We have certain expectations for a wine dependent on its price point. For example, what we expect from a $10 wine is different than what we expect from a $25 wine. In essence, we expect that a more expensive wine should be higher quality than a cheaper wine. It is seen as a generalization and we understand there are exceptions at all price points. When we talk about "value" wines, we generally mean that a wine exceeds our expectations at its price point, that its quality reflects what you would expect for a more expensive wine. A $10 wine might taste like what we expect from a $20 wine. It is those type of value wines which are great discoveries.
The second time the issue of wine prices arose was more directly, while Adam and I were walking toward Pizzeria Posto to have cocktails. Adam asked me about the questions I ask customers at the wine store when I help them select wines. I mentioned that inquiring about a customer's price point is a standard and vital question. To most customers, price point is usually the most important aspect of their purchasing decision.

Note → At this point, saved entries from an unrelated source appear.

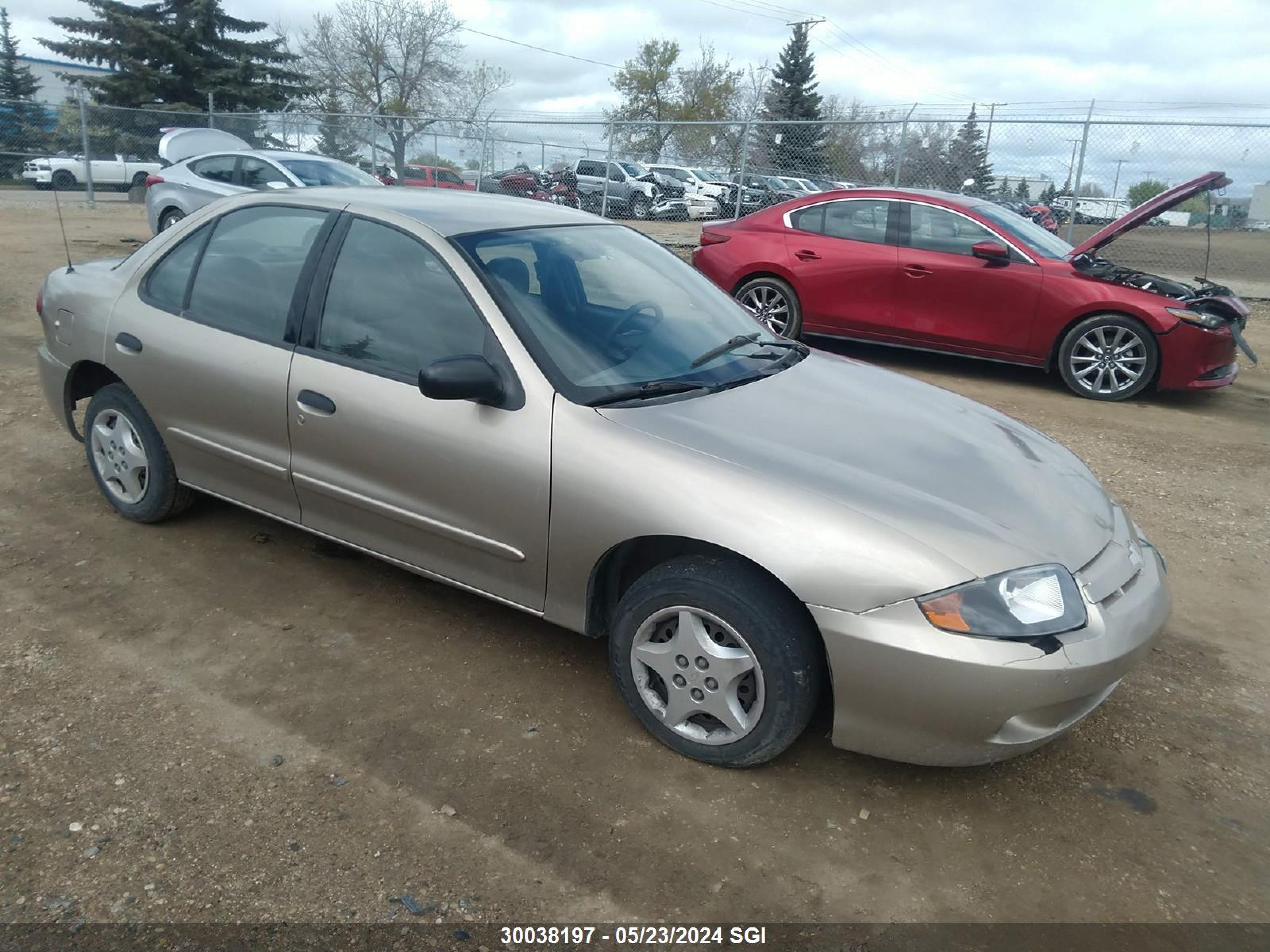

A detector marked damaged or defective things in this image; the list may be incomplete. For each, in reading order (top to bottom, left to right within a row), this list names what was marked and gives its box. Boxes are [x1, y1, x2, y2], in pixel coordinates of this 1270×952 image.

damaged front end [1072, 255, 1260, 368]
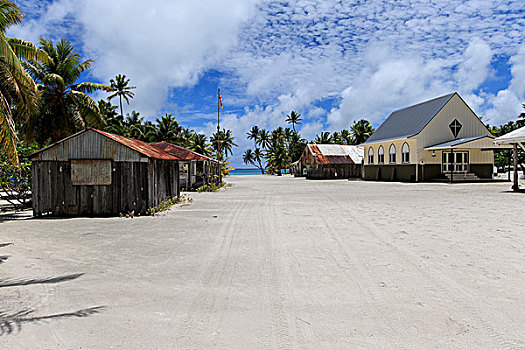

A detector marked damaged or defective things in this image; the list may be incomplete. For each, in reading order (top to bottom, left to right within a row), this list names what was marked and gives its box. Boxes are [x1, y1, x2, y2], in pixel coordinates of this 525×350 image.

rusty corrugated roof [90, 129, 180, 161]
rusty corrugated roof [151, 141, 219, 163]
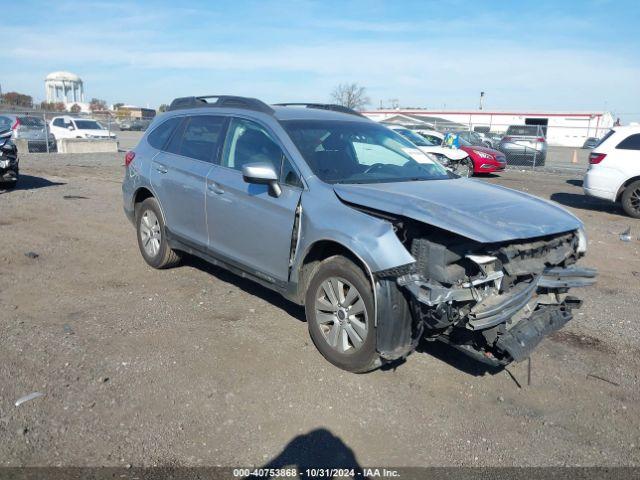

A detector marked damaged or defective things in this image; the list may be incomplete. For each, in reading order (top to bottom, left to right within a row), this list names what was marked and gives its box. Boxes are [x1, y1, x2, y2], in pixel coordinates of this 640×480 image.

damaged subaru outback [122, 95, 596, 374]
crushed front end [384, 223, 596, 366]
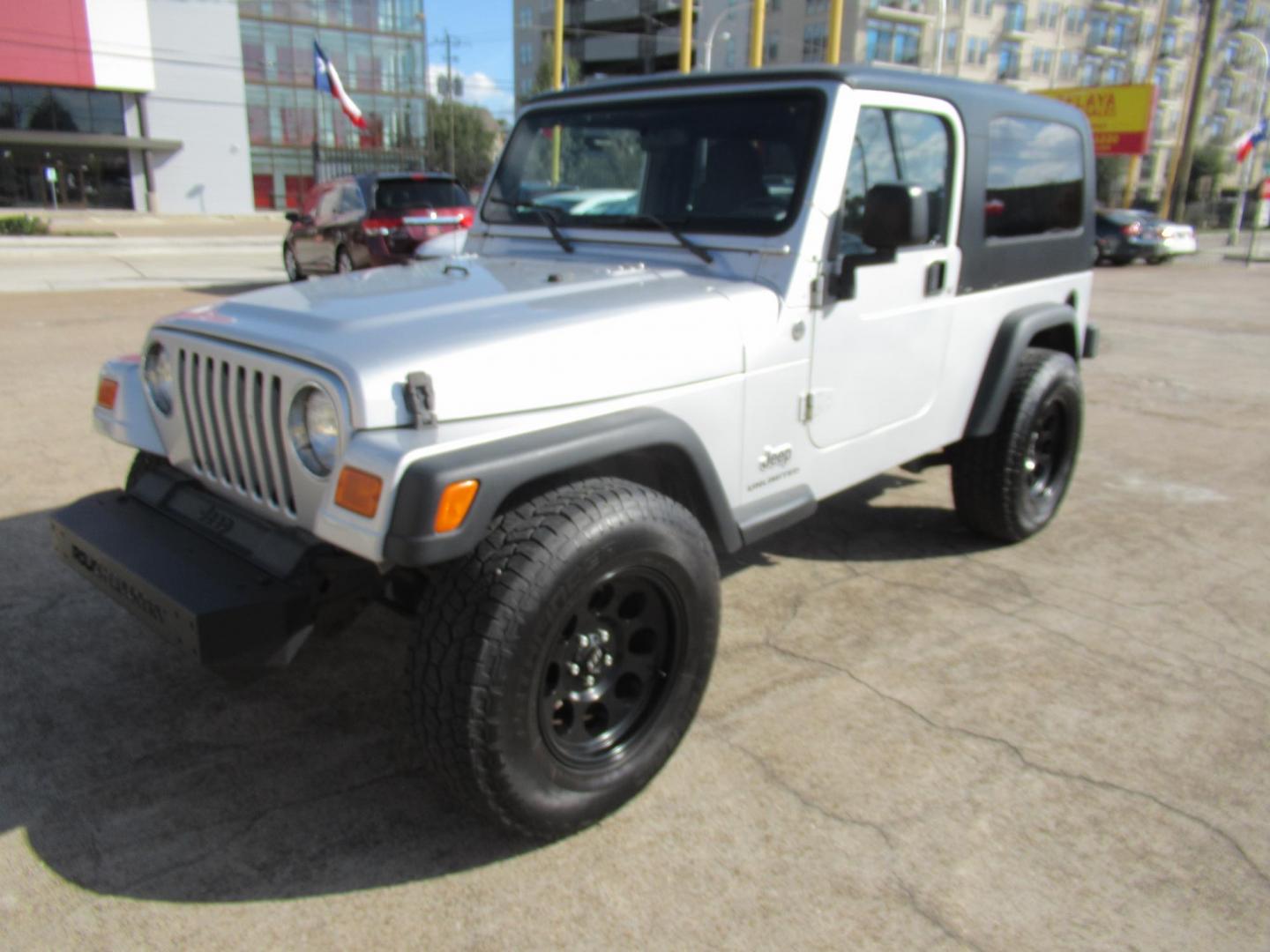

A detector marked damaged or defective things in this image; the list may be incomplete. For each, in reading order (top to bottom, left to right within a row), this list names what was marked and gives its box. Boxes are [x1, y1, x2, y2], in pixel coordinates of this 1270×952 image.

cracked pavement [0, 255, 1265, 952]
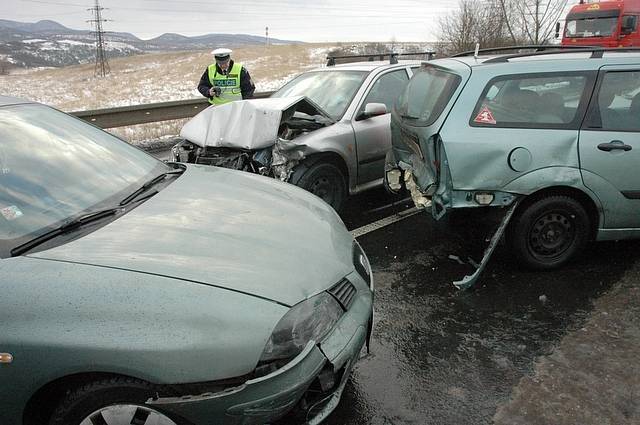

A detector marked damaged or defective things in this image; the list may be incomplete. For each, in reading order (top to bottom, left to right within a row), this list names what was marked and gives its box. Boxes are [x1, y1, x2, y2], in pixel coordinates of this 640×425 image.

crushed hood [28, 164, 356, 306]
crushed hood [179, 96, 332, 151]
damaged gray suv [171, 54, 424, 210]
damaged gray suv [384, 47, 640, 288]
broken bumper [148, 270, 372, 422]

Adam mentioned that wine writer Eric Asimov, in a recent article on sommeliers, also spoke of the important of price. Eric wrote that wine prices are "...the single most important point in narrowing down a wine selection,.." at a restaurant. Though his article dealt with restaurants, it seems reasonable that Eric would expand that importance to consumers at wine stores as well. It is good to see the issue of price getting such prominence in a major newspaper wine column.
I have found that many consumers are open to trying different wines, whether it be from an unfamiliar region or made from less common grapes. Though they might prefer a Pinot Noir or Cabernet Sauvignon, they can be persuaded sometimes to try something like a Portuguese red blend or a Spanish Mencia. But, if they mention a price point, they usually are locked into that decision. The price point is extremely important to them, far more than the type or region of the wine. They want value for their money and get excited when you recommend an especially good value wine.
Wine writers would do well to pen articles about great value wines, those under $15, as such would potentially interest the greatest audience, from people new to wine as well as long time wine lovers. For example, each year I write a compilation post, my Top Ten Wines Under $15, collecting reviews of my favorite inexpensive, values wines of the past year. It remains a very popular post because price matters to people.
What value wine, under $15, has captivated your attention recently?